Dataset entries >>
_ _ _ _ _ _ _

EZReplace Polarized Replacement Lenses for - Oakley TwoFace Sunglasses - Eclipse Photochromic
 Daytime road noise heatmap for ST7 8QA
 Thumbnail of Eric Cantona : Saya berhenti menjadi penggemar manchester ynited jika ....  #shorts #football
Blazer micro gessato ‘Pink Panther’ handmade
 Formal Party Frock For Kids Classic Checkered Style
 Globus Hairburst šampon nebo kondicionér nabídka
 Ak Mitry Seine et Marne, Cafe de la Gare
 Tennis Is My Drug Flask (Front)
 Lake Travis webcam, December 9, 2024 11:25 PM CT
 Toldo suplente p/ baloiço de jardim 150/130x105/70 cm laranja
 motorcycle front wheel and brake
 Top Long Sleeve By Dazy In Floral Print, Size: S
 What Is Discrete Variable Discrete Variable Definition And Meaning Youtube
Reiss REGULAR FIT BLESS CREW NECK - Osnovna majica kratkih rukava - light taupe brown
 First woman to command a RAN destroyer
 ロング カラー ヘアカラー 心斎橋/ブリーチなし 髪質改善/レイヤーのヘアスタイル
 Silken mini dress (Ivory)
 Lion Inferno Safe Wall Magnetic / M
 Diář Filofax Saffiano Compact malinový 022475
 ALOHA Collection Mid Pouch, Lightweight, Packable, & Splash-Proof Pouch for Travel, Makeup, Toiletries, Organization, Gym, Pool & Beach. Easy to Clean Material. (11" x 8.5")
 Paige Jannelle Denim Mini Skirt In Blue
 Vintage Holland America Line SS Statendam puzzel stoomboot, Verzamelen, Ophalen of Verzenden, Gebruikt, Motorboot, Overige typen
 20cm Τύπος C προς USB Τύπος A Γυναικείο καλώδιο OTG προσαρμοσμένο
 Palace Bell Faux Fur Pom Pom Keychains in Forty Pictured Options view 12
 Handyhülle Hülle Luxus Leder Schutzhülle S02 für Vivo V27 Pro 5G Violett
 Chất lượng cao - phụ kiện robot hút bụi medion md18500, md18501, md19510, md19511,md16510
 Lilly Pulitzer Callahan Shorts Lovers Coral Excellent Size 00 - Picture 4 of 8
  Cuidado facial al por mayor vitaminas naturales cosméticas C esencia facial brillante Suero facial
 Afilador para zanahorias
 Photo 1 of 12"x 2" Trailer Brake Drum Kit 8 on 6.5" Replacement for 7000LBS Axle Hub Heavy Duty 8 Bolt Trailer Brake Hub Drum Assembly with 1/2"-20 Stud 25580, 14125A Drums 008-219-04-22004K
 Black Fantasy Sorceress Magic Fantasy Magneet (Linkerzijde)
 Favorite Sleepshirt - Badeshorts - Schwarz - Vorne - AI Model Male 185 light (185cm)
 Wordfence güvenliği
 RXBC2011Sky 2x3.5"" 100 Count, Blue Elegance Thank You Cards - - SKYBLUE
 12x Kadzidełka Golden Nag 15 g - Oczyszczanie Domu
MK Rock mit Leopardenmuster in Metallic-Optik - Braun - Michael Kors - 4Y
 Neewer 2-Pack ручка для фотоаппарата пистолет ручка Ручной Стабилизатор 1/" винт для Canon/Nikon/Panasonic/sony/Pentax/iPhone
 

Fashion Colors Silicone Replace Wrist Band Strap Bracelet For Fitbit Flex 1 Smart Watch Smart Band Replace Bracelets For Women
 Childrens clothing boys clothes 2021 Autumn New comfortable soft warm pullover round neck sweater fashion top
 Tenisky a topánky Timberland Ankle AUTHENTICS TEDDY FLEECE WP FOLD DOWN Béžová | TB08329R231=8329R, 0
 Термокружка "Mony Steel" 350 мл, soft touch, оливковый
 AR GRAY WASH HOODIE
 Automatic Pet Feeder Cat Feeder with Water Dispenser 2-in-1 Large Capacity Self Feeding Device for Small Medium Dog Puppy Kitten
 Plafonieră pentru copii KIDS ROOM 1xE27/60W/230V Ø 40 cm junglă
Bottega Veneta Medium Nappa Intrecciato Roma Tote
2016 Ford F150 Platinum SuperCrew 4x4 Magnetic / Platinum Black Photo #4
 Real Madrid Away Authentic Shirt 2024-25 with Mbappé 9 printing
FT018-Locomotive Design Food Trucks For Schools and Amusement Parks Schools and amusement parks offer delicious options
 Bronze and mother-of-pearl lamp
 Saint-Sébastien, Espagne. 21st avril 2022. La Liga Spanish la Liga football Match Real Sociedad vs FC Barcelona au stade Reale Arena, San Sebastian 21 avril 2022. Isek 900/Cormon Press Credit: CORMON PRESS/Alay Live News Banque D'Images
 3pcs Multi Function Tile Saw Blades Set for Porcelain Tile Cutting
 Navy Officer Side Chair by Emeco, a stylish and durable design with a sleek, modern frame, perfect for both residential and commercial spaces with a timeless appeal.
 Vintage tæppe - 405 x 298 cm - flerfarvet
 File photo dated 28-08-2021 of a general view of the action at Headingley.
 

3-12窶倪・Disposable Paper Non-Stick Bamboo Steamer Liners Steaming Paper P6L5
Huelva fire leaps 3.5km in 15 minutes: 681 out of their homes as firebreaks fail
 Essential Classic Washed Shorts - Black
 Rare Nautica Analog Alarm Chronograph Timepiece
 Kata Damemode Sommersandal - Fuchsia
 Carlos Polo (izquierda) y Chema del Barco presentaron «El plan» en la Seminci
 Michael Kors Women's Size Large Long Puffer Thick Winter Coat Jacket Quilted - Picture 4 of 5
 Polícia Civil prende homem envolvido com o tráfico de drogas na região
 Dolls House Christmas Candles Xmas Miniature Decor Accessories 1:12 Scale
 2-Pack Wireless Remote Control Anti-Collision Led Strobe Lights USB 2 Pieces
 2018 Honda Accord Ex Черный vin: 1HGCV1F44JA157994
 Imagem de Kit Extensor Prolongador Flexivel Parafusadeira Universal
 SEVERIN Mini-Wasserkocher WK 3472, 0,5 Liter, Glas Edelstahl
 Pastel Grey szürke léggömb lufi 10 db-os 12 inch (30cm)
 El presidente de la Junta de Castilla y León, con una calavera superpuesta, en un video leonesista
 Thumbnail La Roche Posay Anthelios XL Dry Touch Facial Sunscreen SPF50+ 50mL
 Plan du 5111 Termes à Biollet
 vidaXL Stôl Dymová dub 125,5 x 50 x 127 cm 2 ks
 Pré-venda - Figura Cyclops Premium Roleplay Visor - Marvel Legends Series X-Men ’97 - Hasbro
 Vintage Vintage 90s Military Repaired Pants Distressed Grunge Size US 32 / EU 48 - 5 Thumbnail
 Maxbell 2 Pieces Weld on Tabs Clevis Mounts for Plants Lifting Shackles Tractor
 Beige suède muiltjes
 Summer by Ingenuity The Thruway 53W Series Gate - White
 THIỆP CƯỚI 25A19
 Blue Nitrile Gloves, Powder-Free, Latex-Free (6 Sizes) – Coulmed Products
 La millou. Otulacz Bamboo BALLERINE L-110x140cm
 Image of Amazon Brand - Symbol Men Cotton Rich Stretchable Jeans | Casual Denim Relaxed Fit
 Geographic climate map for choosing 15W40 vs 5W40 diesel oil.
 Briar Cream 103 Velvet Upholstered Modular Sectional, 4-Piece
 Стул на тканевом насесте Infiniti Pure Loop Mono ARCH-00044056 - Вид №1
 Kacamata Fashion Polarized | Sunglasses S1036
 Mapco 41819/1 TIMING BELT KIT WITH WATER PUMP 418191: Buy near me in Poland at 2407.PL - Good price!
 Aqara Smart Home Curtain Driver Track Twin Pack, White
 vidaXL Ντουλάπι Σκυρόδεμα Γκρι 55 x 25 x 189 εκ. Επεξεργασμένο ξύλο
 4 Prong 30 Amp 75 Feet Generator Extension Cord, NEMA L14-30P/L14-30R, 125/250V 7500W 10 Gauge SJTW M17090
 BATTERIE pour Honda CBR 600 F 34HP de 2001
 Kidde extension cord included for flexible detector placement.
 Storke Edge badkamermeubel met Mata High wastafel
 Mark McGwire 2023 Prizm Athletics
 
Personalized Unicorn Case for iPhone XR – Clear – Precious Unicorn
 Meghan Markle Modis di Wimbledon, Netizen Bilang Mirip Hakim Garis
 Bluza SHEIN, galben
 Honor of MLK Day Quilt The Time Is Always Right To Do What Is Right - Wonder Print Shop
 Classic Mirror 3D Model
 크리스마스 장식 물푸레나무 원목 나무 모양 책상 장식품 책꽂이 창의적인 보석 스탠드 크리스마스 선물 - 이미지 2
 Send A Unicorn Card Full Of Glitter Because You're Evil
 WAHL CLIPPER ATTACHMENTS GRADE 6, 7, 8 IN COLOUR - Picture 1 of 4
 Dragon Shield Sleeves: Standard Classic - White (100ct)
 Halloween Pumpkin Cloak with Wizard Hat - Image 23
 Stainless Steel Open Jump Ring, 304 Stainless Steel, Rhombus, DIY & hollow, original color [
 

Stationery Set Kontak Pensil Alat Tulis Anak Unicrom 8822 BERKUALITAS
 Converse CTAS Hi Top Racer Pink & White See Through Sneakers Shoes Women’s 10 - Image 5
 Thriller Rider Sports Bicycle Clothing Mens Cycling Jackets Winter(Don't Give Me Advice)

_ _ _ _ _ _ _

All that is wanted is an exact copy of the lines above from the one with "Thumbnail La Roche" through the one with "Pré-venda - Figura", with both ends included.

 Thumbnail La Roche Posay Anthelios XL Dry Touch Facial Sunscreen SPF50+ 50mL
 Plan du 5111 Termes à Biollet
 vidaXL Stôl Dymová dub 125,5 x 50 x 127 cm 2 ks
 Pré-venda - Figura Cyclops Premium Roleplay Visor - Marvel Legends Series X-Men ’97 - Hasbro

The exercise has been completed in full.